Tribune libre publiée sur le site internet du quotidien La Croix.
Des formules provocantes.
Emmanuel Macron a fait de l’histoire l’un des leviers d’une campagne en quête de consensus national. Dans une France « éclatée façon puzzle », il a voulu tenir compte de toutes les souffrances du passé, au risque de formules trop provocantes sur la colonisation « crime contre l’humanité » ou une « culture française » invisible. Au-delà des couleurs multicolores et changeantes de ses discours, Emmanuel Macron a porté une vision à la fois cohérente et insatisfaisante de ce que devrait être notre rapport à l’histoire.
« consolider l’appartenance et la réconciliation des appartenances à la Nation ».
En marche vers un récit national unificateur ?
Le candidat a dit son désir de renouer « un fil historique ». S’étant mis en marche sur les pas d’historiens de la IIIe république comme Ernest Lavisse, « l’instituteur national », Il veut la « réconciliation des mémoires » par l’appel à des figures historiques variées.
L’ouverture post moderne.
En ne montrant pas comment relier des figures, Emmanuel Macron assume un certain éclatement mémoriel. Il se réjouit en effet d’appartenir à « un temps [où] tout est à reconsidérer » après la fin des grands messianisme politiques. Sa méthode est post moderne quand il veut aboutir à « une véritable histoire universelle convoquant tous les modèles et tous les phénomènes ». En acceptant le « débat critique dans ce qu’il a de plus complet et d’exigeant et de plus acerbe ».
Une vision émotionnelle.
C’est en enfant d’un siècle très émotionnel qu’Emmanuel Macron a voulu « d’une même main reconnaître la souffrance des harkis et des pieds noirs, et reconnaître celle des colonisés ». C’est en « bon élève » qu’il pense se sortir du scandale né de la concurrence des larmes. En « paraphrasant la formule du général de Gaulle aux partisans de l’Algérie française : -Je vous ai compris-. », il a ravivé des blessures anciennes. Il a aussi pratiqué une forme de marketing mémoriel ciblé. L’histoire lui a permis de traduire en symboles ses thèmes de campagne.

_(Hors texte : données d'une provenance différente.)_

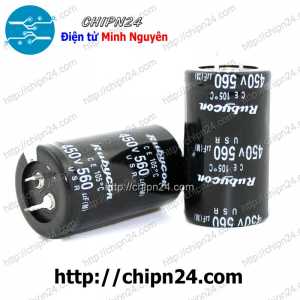 Tụ hóa 560uF 450V Đen Rubycon (35x40mm)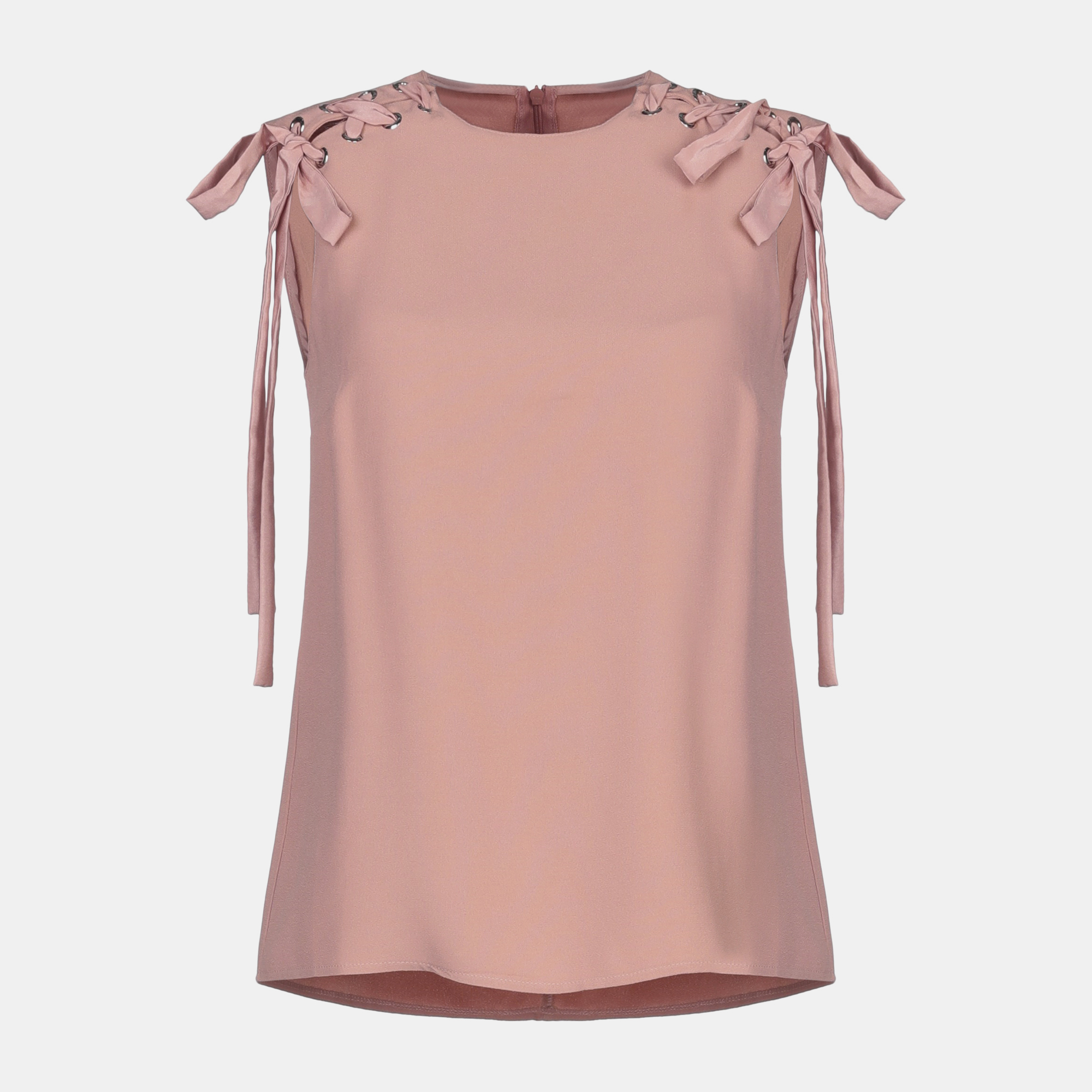 

Red Valentino Pink Crepe Lace Detail Sleeveless Top  (IT 38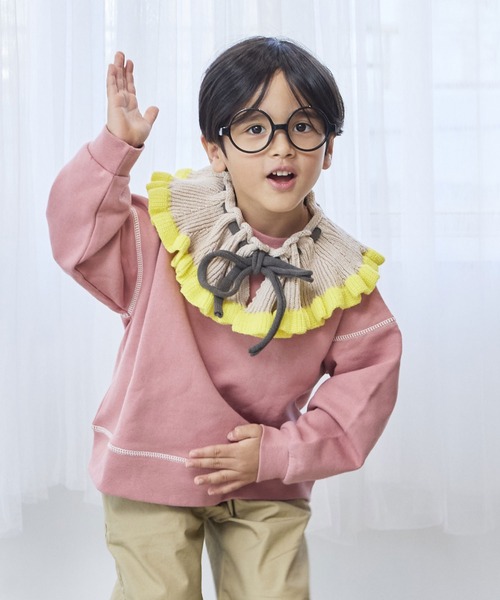 MARKEY'S(マーキーズ)の「ニットフリルカラー(付け襟・キッズ・オフホワイト/ブラウン/ピンク・FREE)」の10枚目の写真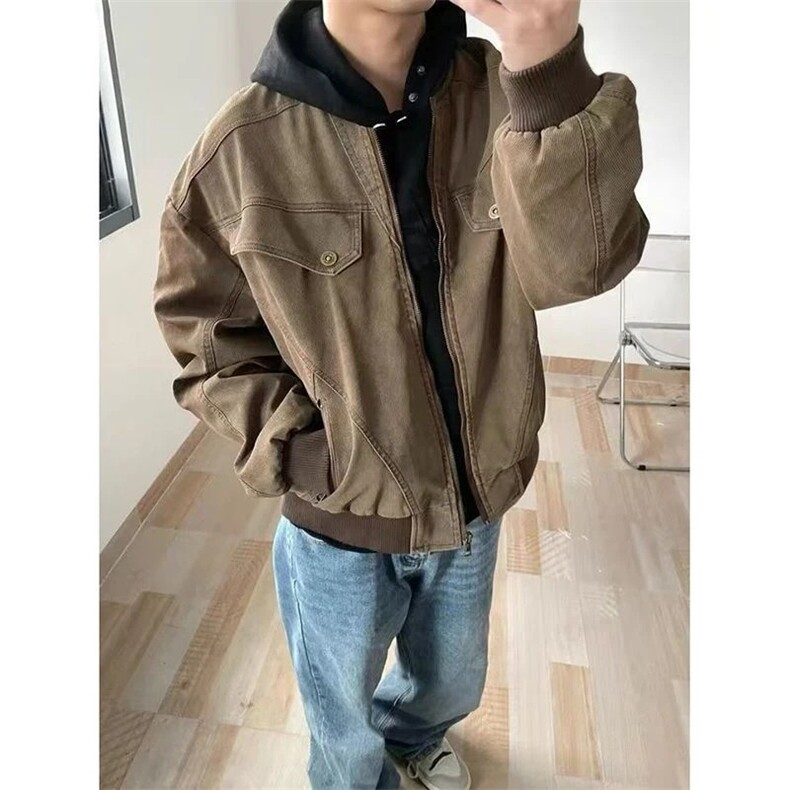 得物品质秋款男女假两件夹克衫连帽灯芯绒开衫外套JK7015P85,男装夹克,星座1013-1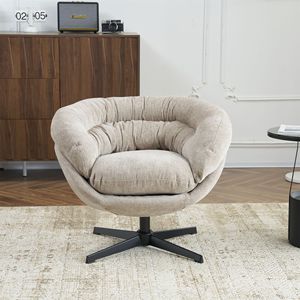 Fauteuil de bureau confortable en métal noir, revêtement en chenille, pivotant à 360 degrés, avec coussin amovible pour salon - Product Image 6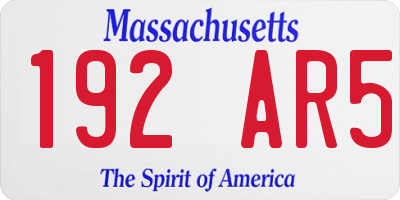 MA license plate 192AR5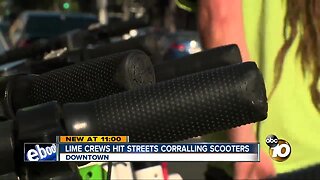 Lime crews hit the streets corralling scooters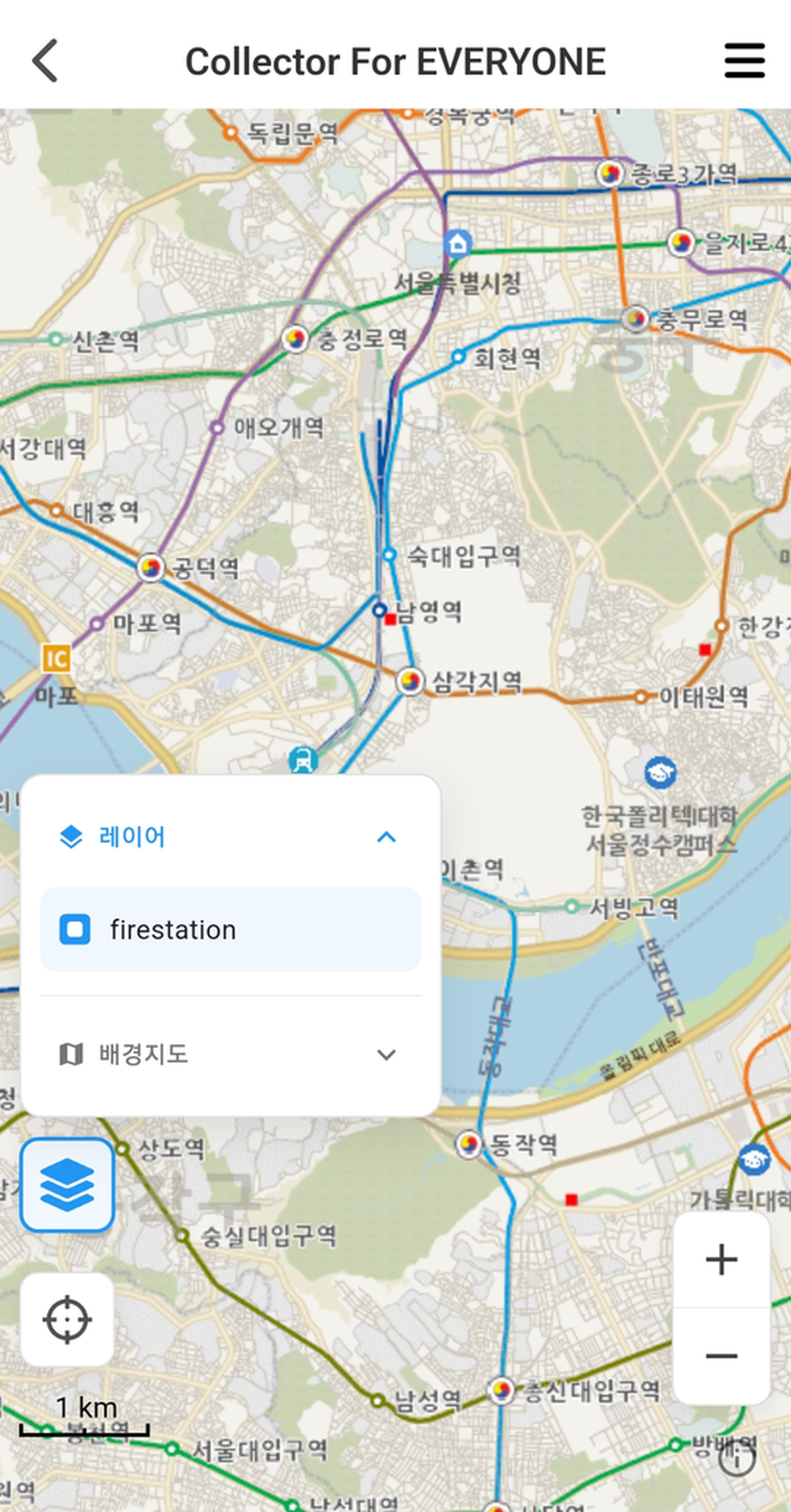 레이어 추가된 지도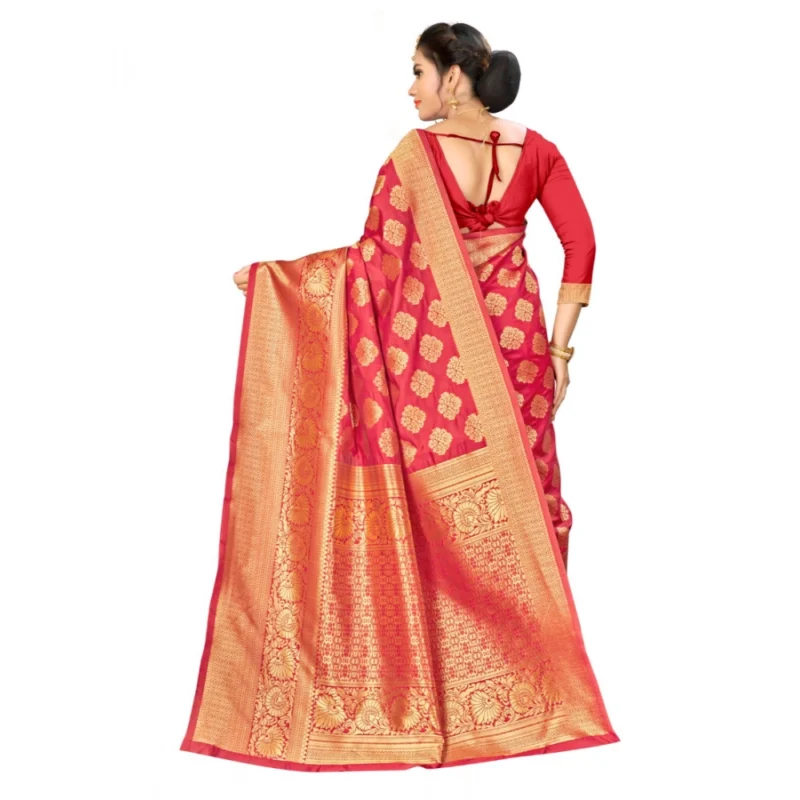 Generic Women's Banarasi silk Saree with Blouse (Red, 5-6mtr) - Image 2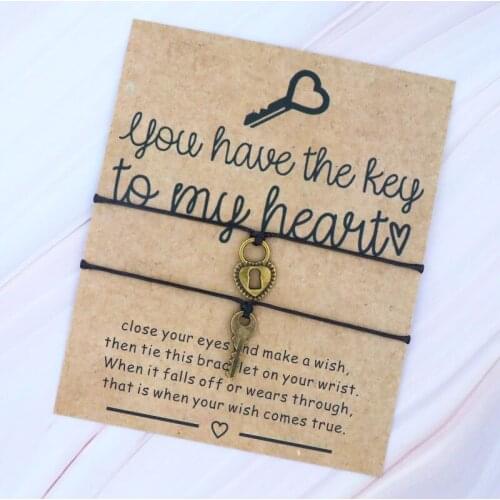 Key To My Heart Wish Bracelets Lock and Key Couples Bracelets Key Lock Charm Bracelets for Women Men Friendship Lover Gifts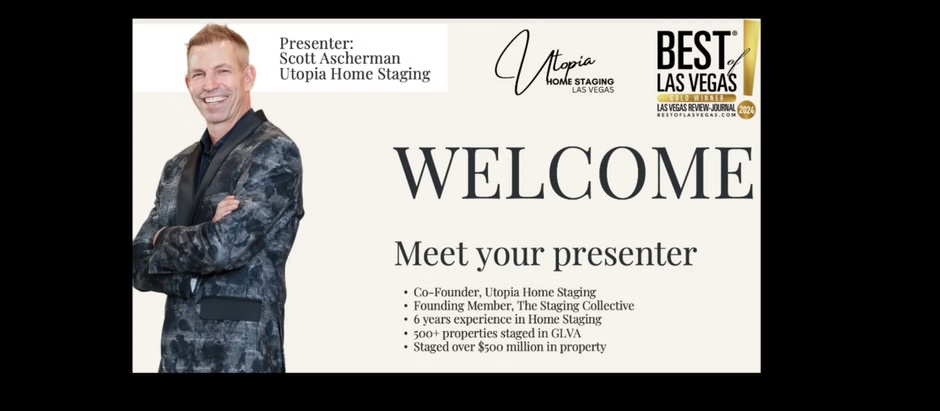 Welcome sign for Las Vegas luxury property staging CE event | Utopia Luxury Home Staging & Design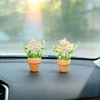 2 Pcs Cute Handcrafted Flower Car Ornament, Mini Crystal Beads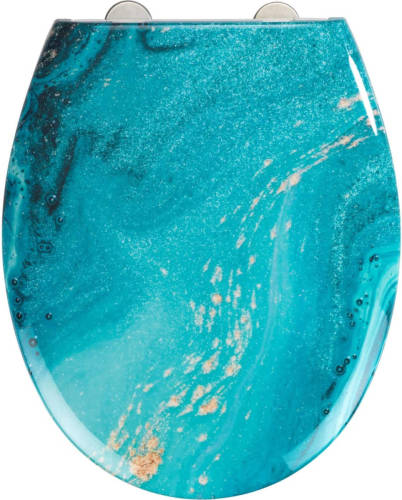 Wenko Wc-bril Stream 37 X 44,5 Cm Duroplast Blauw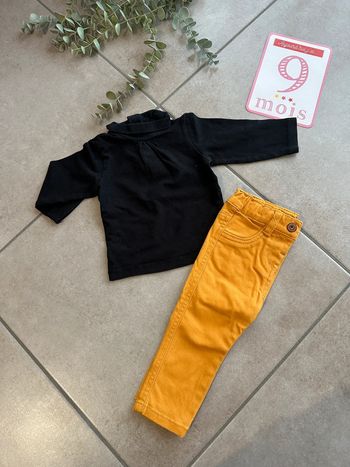 Ensemble Pantalon jean et sous pull : 9 mois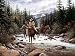 Whitewater Crossing World Culture Art Poster Print by Jack Terry, 8x6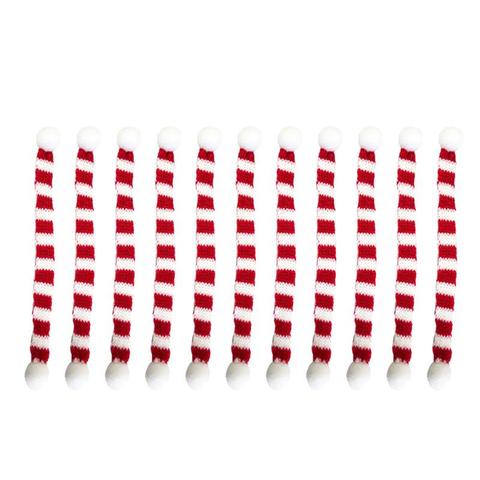 Mini écharpe de noël rouge et blanc, 6/12 pièces, rayures de noël, écharpe tricotée pour bouteille de vin rouge, couverture de poupée, décoration de fête de noël ► Photo 1/6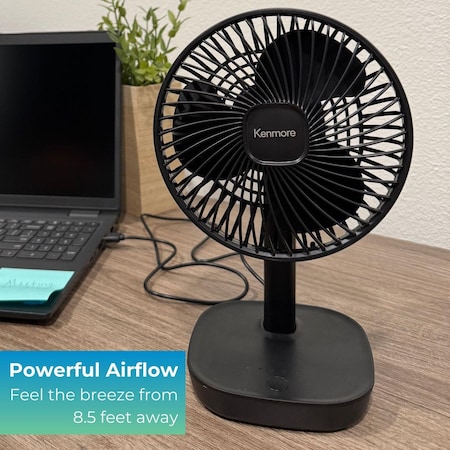 Kenmore 6 in Rechargeable Fan KM-60002-BK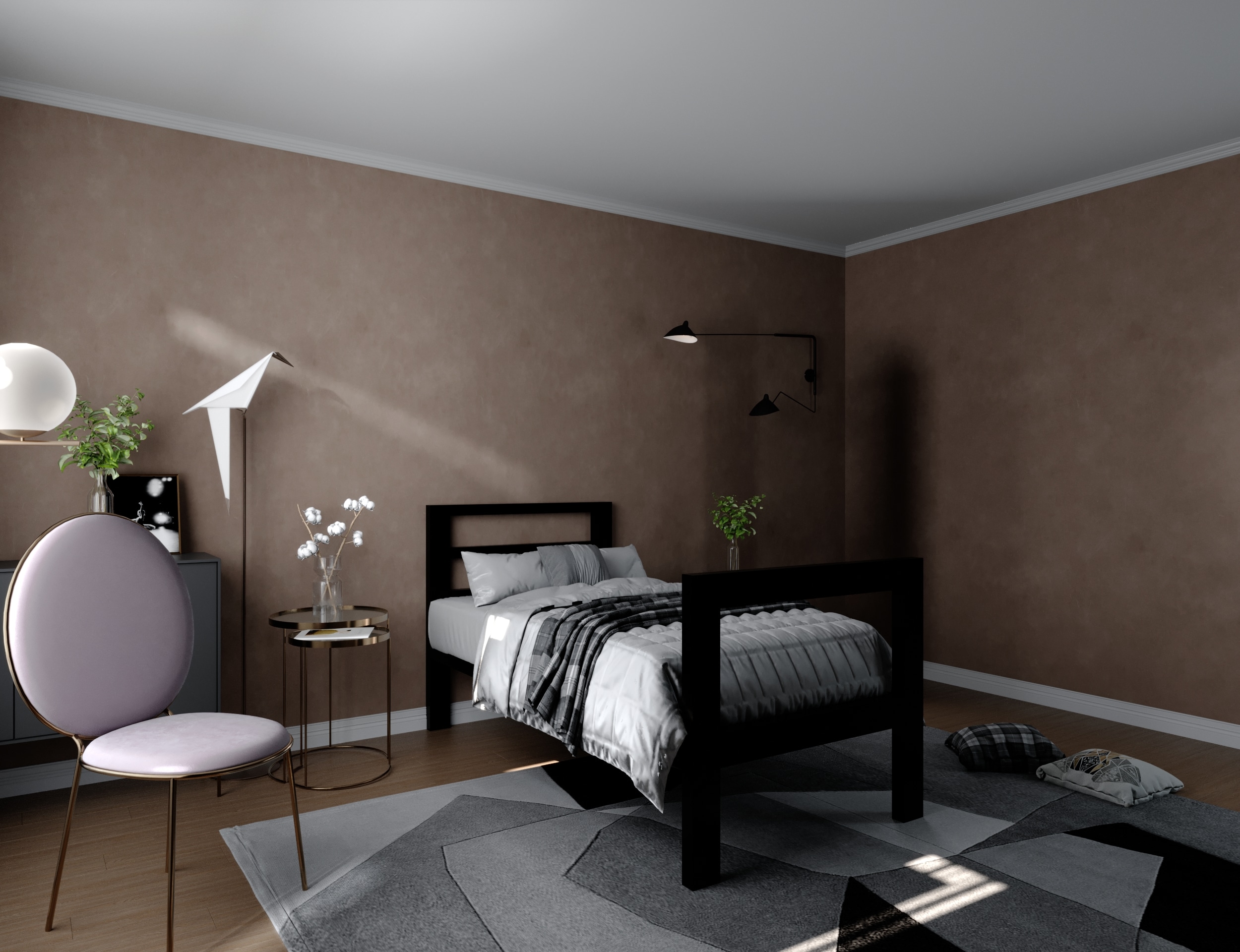 سرير حديد مودرن 100 سم مناسب للأطفال والشباب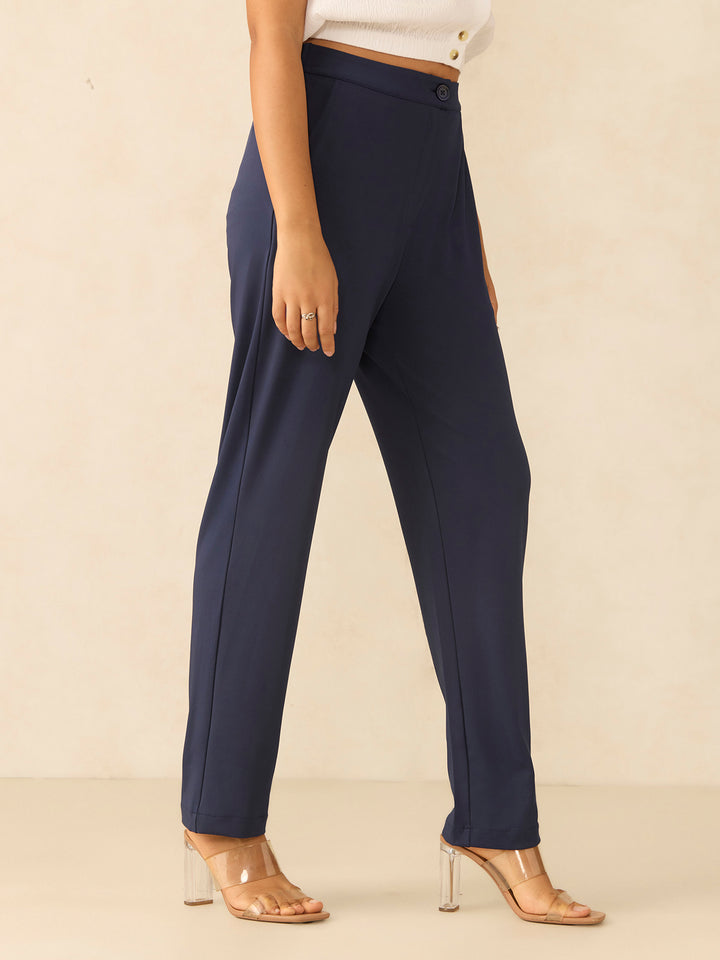 Navy Blue Ankle Length Trousers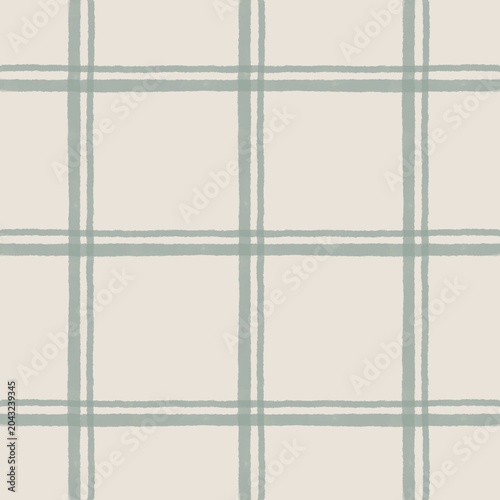 Obraz na płótnie Painterly Sage Green Windowpane Grid Seamless Pattern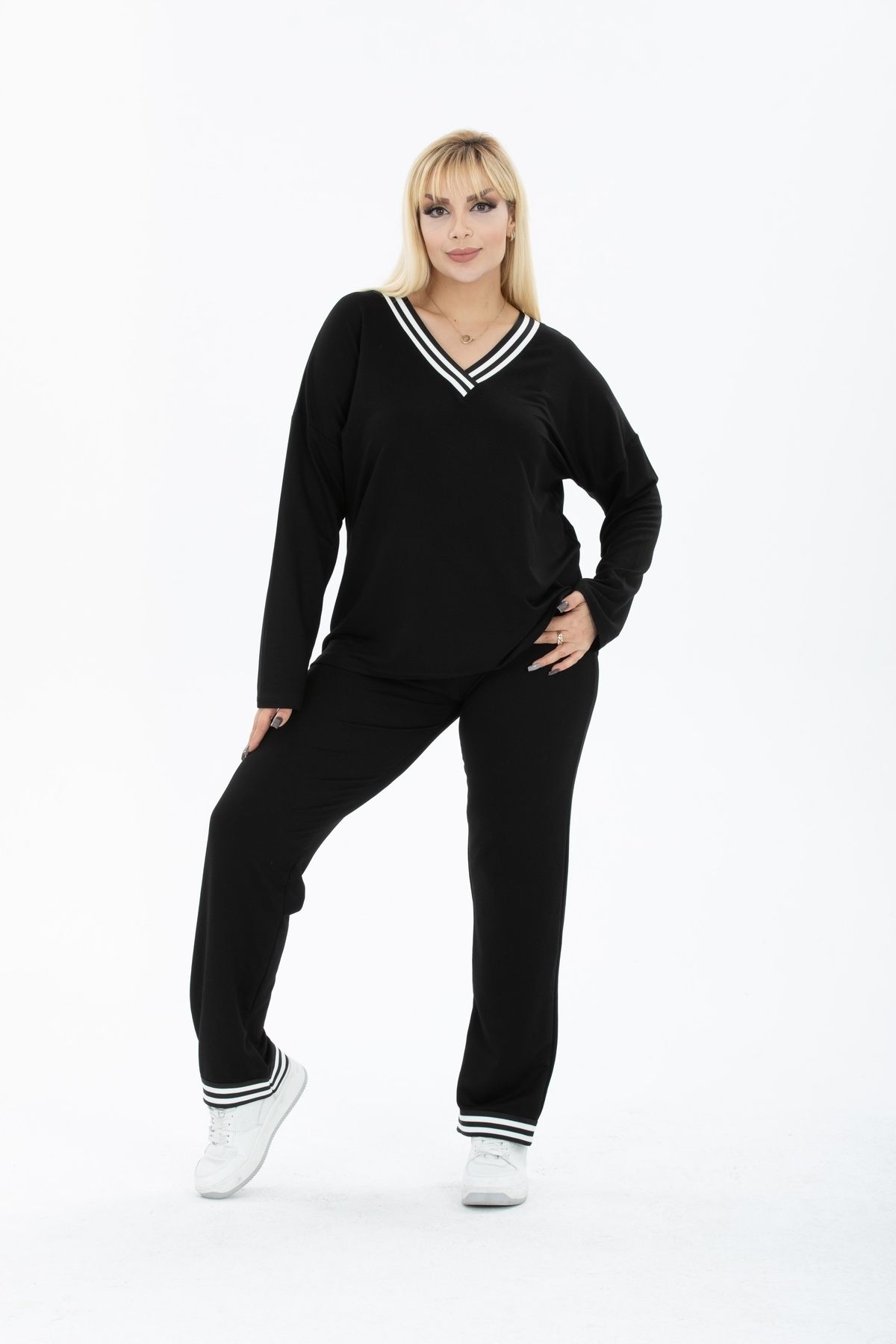 

Женский стильный комплект одежды больших размеров под верхом для команды больших размеров с ребристыми деталями на воротнике и штанинах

Les psychologies consensuelles ont pu apprécier ses références prises à droite et à gauche. Les gens de l’ouest ont pu aimer sa visite vendéenne au Puy du Fou et son mot pour dire sur France Culture que « tout n’est pas bon dans la République » et d’autres auront aimé ses références aux Lumières, à Valmy et au Marquis de Sade.
Une histoire qui reste partielle.
La balance d’Emmanuel Macron finit par pencher plutôt d’un côté que de l’autre. En soulignant « l’aspiration à l’universel », elle se lit comme dans un miroir avec celle de François Fillon qui insistait sur « l’instinct de la liberté et de la grandeur ».
Cela reste politisé et orienté, sans pouvoir intégrer d’autres mémoires historiques, qu’il s’agisse de celle des électeurs de Jean Luc Mélenchon ou des références de ceux de Marine Le Pen. La question de l’intégration des enfants issus d’étrangers n’est pas non plus résolue par le symbole qui veut les faire « se situer au confluent d’un fleuve » pour entrer dans le courant d’un roman et d’un récit national.
Pour une histoire des choix et des valeurs.
Emmanuel Macron juxtapose des paroles, mais ne donne pas de solutions pour les faire vivre ensemble avec leurs morales opposées. Il contourne la question quand on lui demande sur France Culture s’il faut « célébrer la désobéissance » de ceux qui ont refusé de combattre en 1917. Il faudrait au contraire faire découvrir des modèles de frondeurs ou de patriotes et faire réfléchir sur les conséquences des choix des uns ou des autres, sans que la présence d’un personnage dans un cours n’oblige personne à s’y identifier.
Définir l’identité française comme un ensemble de choix et de préférences.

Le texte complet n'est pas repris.